HashAgg builds an in-memory hash table:

  • Input: Full table scan
  • Output: One row per group (usually much smaller!)
  • IO Cost: C_r×P(input) - no sorting needed
  • If spills: Becomes partition-based like HPJ

💡 Why Did PostgreSQL Choose This Plan?

  • Hash Join chosen: More efficient than SMJ for unsorted data
  • HashAggregate used: Can group without sorting (unlike our simplified model)
  • Only one BigSort: Just for the final ORDER BY
  • Total cost 55.24: Optimizer estimated this as cheapest plan
  • Lesson: Real optimizers have more tricks (HashAgg vs sort-based grouping)

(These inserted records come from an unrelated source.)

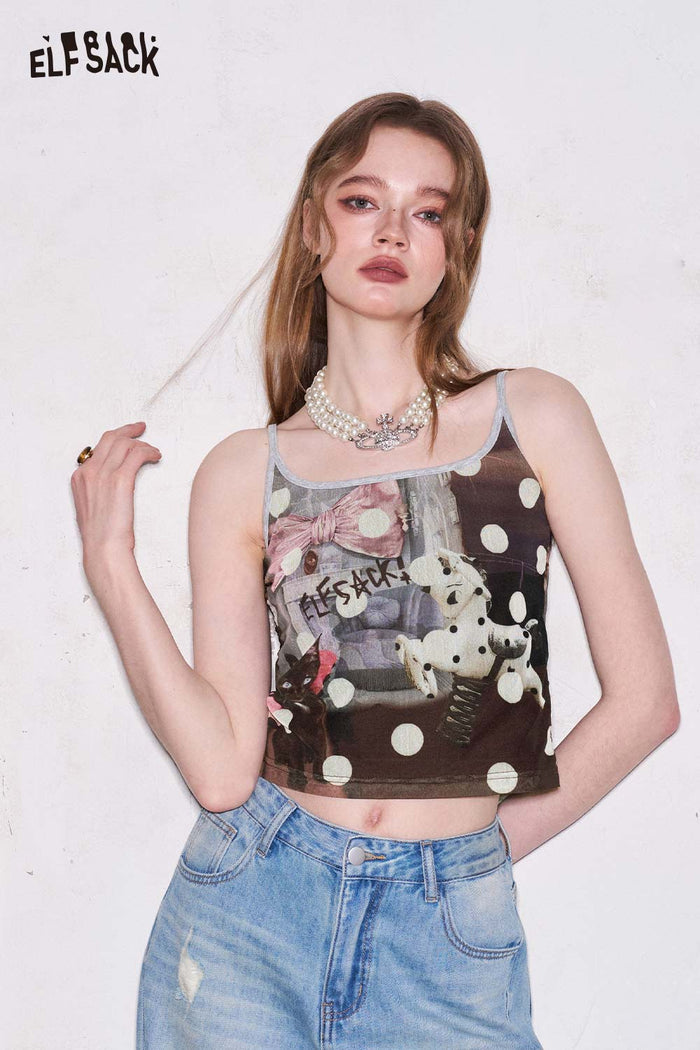 ELFSACK Polka Dot Horse Print Cami Top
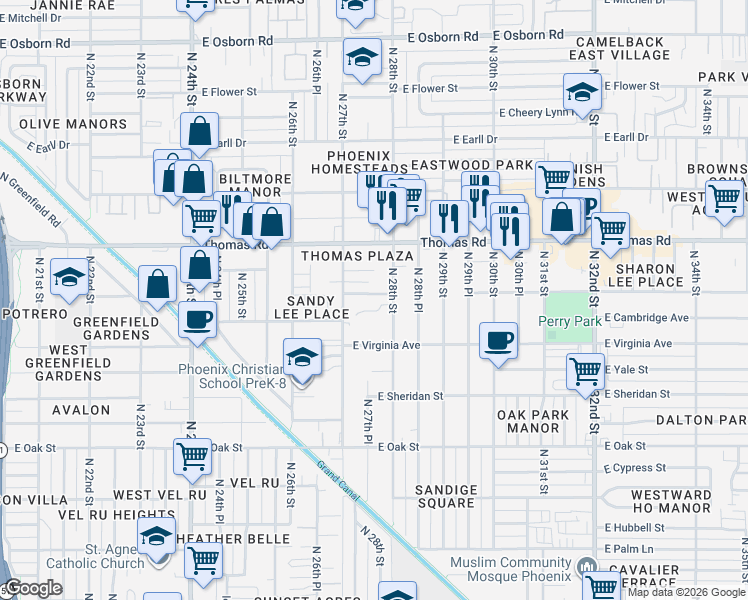 map of restaurants, bars, coffee shops, grocery stores, and more near 2719 East Windsor Avenue in Phoenix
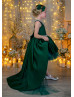 Beaded Green Satin Tulle High Low Princess Flower Girl Dress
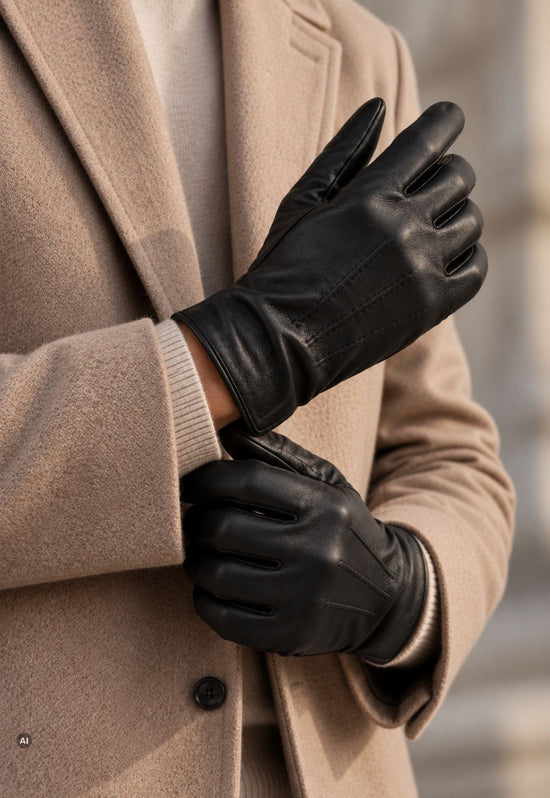 Men’s leather gloves C08, black, made from lamb nappa leather with a cashmere lining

Common EXPLAIN Operations Reference

Operation What it does IO Cost Output Rows Output Size
HashAggregate Groups using hash table C_r×P(input) One per group ≪ input
WindowAgg ROW_NUMBER, RANK, etc C_r×P(input) + sort Same as input Slightly larger (extra cols)
CTE Scan Reads WITH result C_r×P(CTE) = CTE rows = CTE size
Subquery Scan Reads subquery C_r×P(subquery) = subquery rows = subquery size
Index Scan Uses index Log(N) + rows Filtered rows ≪ input
Bitmap Scan Batch index reads Better for many rows Filtered rows ≪ input
Nested Loop For each row, probe P(R) × P(S) worst Join matches Varies
Hash Join Build hash, probe P(R) + P(S) Join matches Varies
Materialize Cache in memory C_w + n×C_r Same as input = input
Sort Order rows BigSort cost Same as input = input
🔑 Key Insight: WindowAgg keeps all rows but adds columns (rank, row_number), while HashAgg reduces to one row per group!